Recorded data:
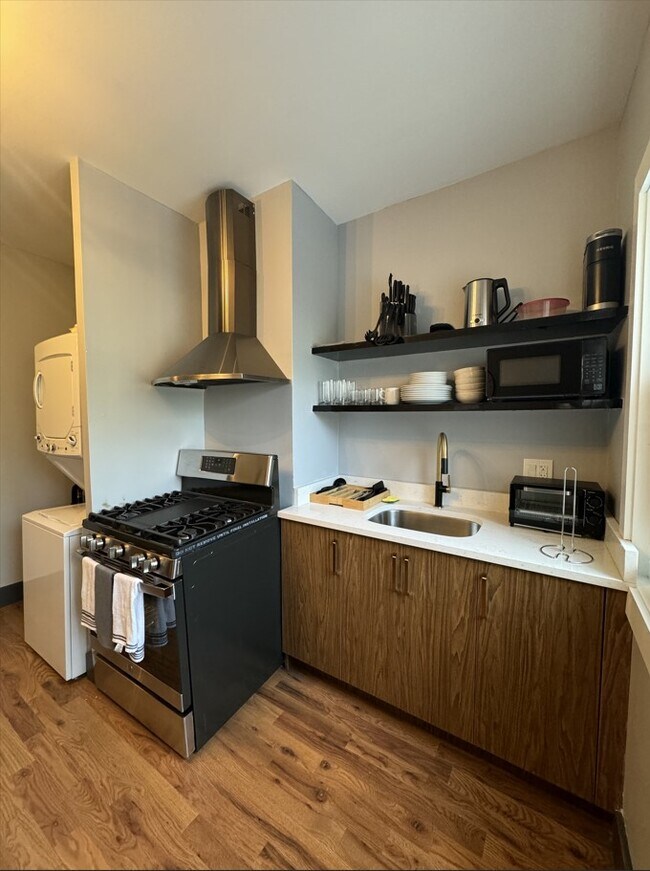 Unit 2 - 74 Baldwin Ave Unit 2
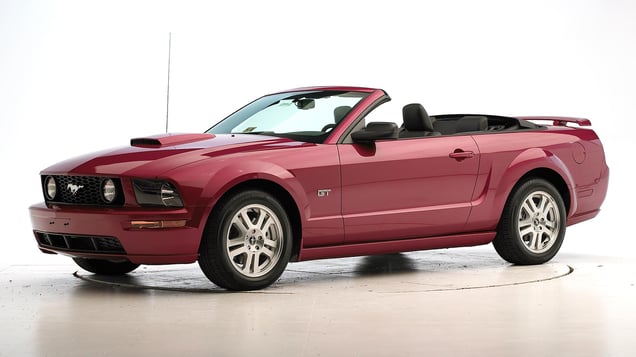 2007 Ford Mustang 2-door convertible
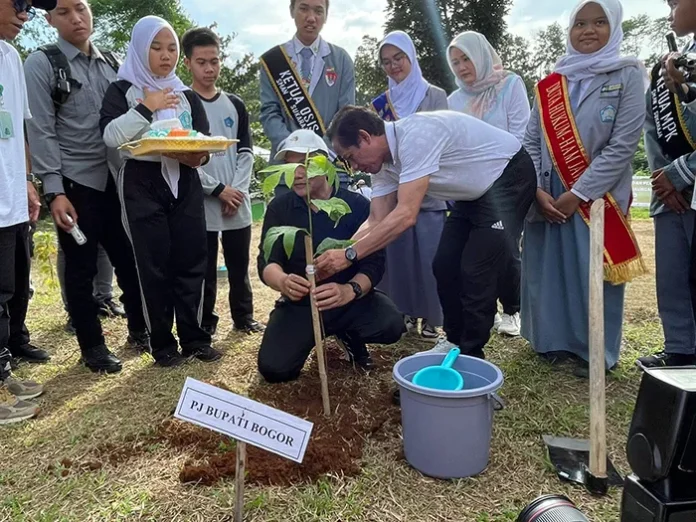 Menteri-LHK-Dorong-Peran-Sekolah-dalam-Edukasi-Lingkungan Menteri LHK, Hanif Faisol Nurofiq, bersama Penjabat Bupati Bogor saat mengunjungi SMA Negeri 1 Sukaraja untuk mengedukasi pelajar tentang pentingnya menjaga lingkungan dan pengelolaan sampah, Kamis (13/2/2025). Foto: Amelia Azizah.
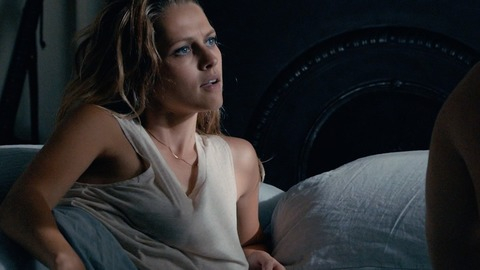 Pic: Teresa Palmer in 2:22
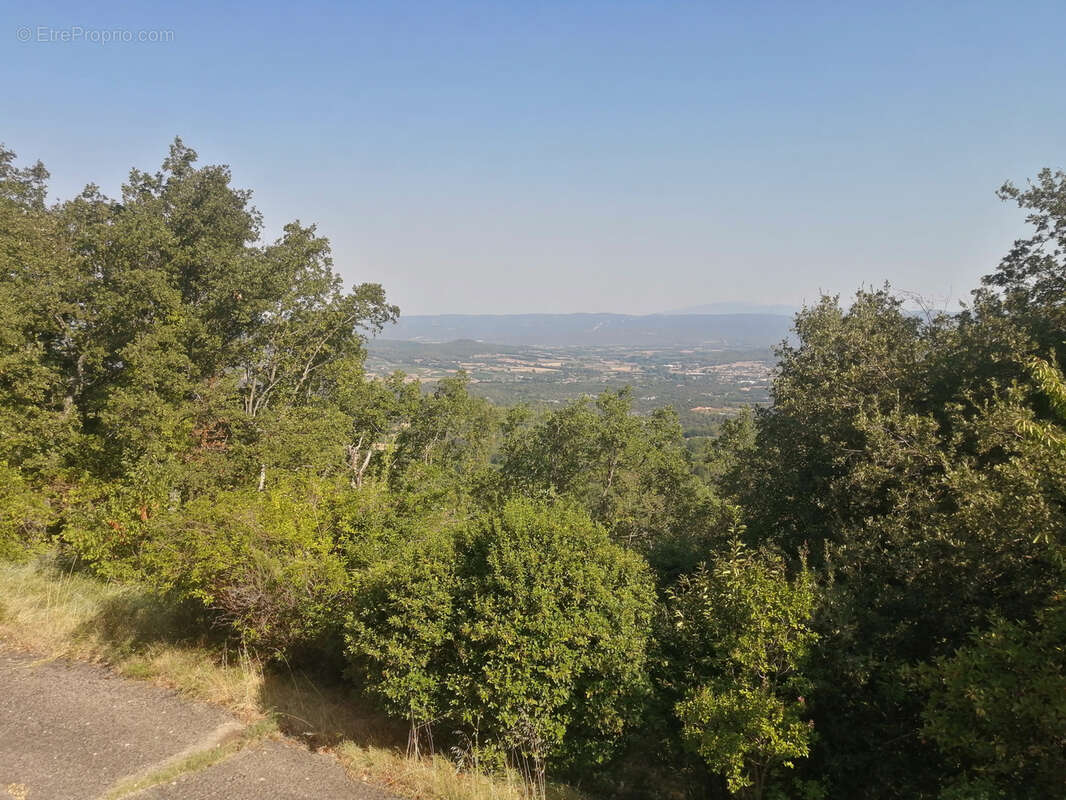 A Bonnieux propriété de 200 m2 avec dépendances sur un parc de 4,5 ha. - photo 4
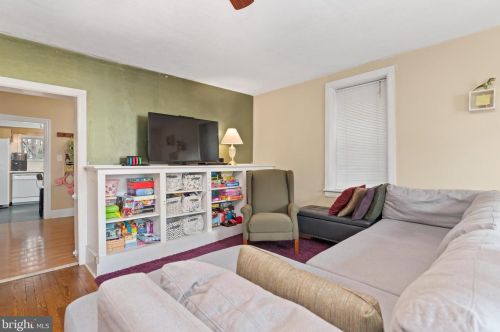246 Main St, Camp Hill, PA 17011-6330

PROBLEM DETAILS: Copy the entries exactly. Leave out the images.

PROBLEM SOLUTION:
 Unit 2 - 74 Baldwin Ave Unit 2
 2007 Ford Mustang 2-door convertible
 Menteri-LHK-Dorong-Peran-Sekolah-dalam-Edukasi-Lingkungan Menteri LHK, Hanif Faisol Nurofiq, bersama Penjabat Bupati Bogor saat mengunjungi SMA Negeri 1 Sukaraja untuk mengedukasi pelajar tentang pentingnya menjaga lingkungan dan pengelolaan sampah, Kamis (13/2/2025). Foto: Amelia Azizah.
 Pic: Teresa Palmer in 2:22
 A Bonnieux propriété de 200 m2 avec dépendances sur un parc de 4,5 ha. - photo 4
246 Main St, Camp Hill, PA 17011-6330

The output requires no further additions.